The Labor Department reported that non-farm employment increased by a healthy 242,000 positions in February. The originally reported January gain of 151,000 was revised up to 172,000. The median forecast in a Bloomberg survey had called for a gain of 195,000. The three-month average from December to February was 228,000. For the private sector, February’s job gains marked the 72nd consecutive month of positive gains.
Health care and social assistance employment increased by 57,400 in February. For the twelve months ending in February, nearly 675,000 jobs have been generated in this sector, representing more than one of every five jobs created in the national economy.
The jobless rate remained at an eight-year low of 4.9% in February. The unemployment rate has not been this low since February 2008, just before the Great Financial Crisis began. The wider measure of unemployment, the U-6 measure, fell to 9.7% in February from 9.9% in January. This measure of unemployment includes those workers in part-time positions or too discouraged to look for work. Moody’s Analytics estimates that this latter measure needs to fall to 9% for the economy to be considered at a “full employment” level.
Average hourly earnings for private-sector workers were $25.35 in February, a three-cent decrease (0.1%) from January. This was the first decline since December 2014. On a year-over-year basis, wages were up 2.2% from year-earlier levels. This measure of wage growth continues to be stubbornly weak, despite the tightening in the labor force.
Based on the jobs data, the U.S. economy is looking strong, despite softness in other parts of the global economy. The U.S. economy now has 5.1 million more jobs than it did at the onset of the recession in December 2007 and 13.8 million more jobs than at the recession low in early 2010. Additionally, the jobless rate is less than half the peak of 10% reached in October 2009.

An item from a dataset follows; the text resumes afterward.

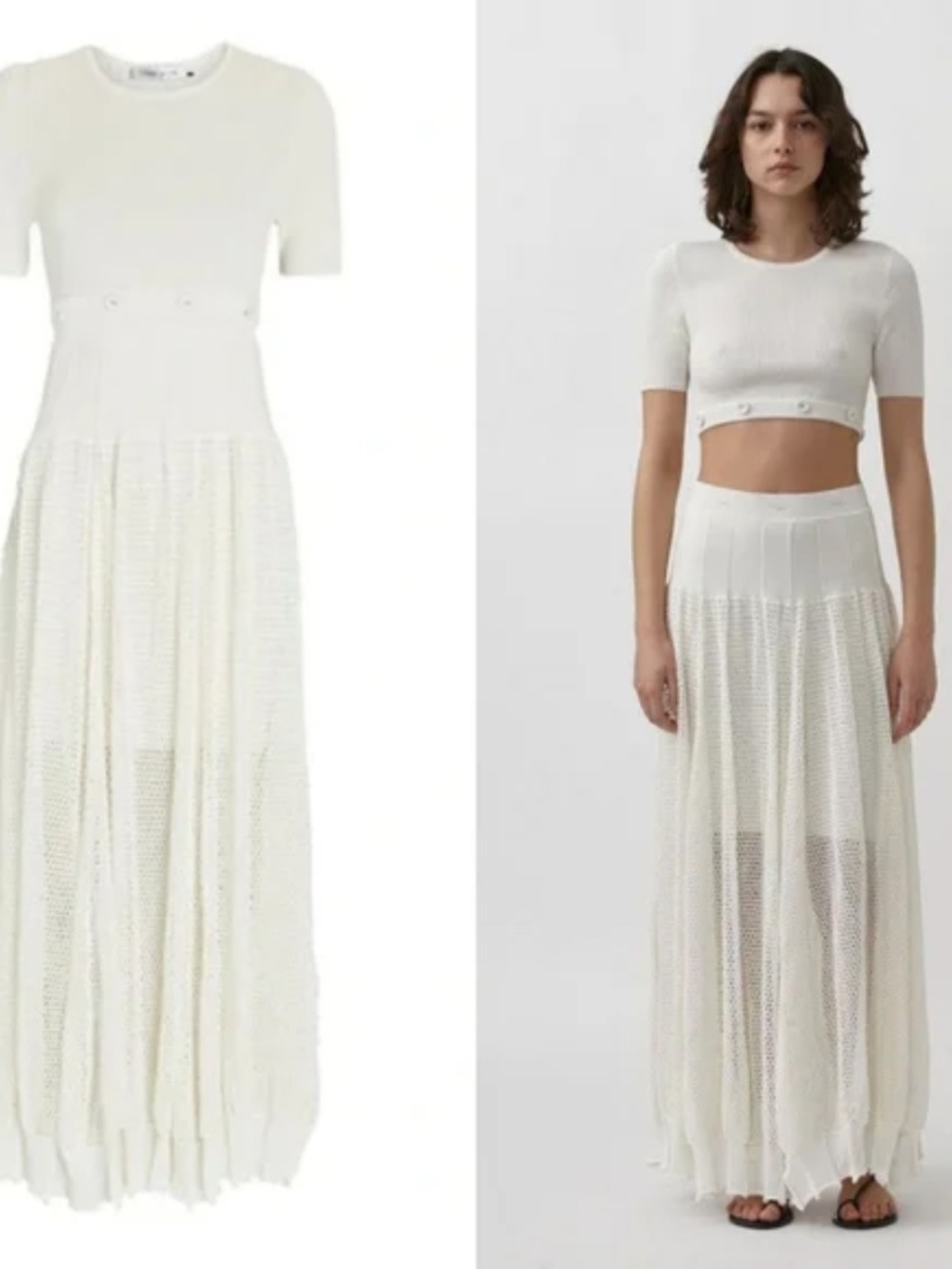 Christopher Esber Deconstruct Cocoon Mesh Dress White (Small) - Picture 10 of 11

This report will give the Fed pause when it meets later this month at its FOMC March 15-16 meeting. The Fed has indicated that it is closely tracking current economic conditions as it makes a decision on raising interest rates further this year from its target range of 0.25% to 0.5%. The 242,000 gain in jobs suggests continued strength in the economy, but the weakness in wage growth suggests inflation is not approaching the central bank’s preferred 2% target range.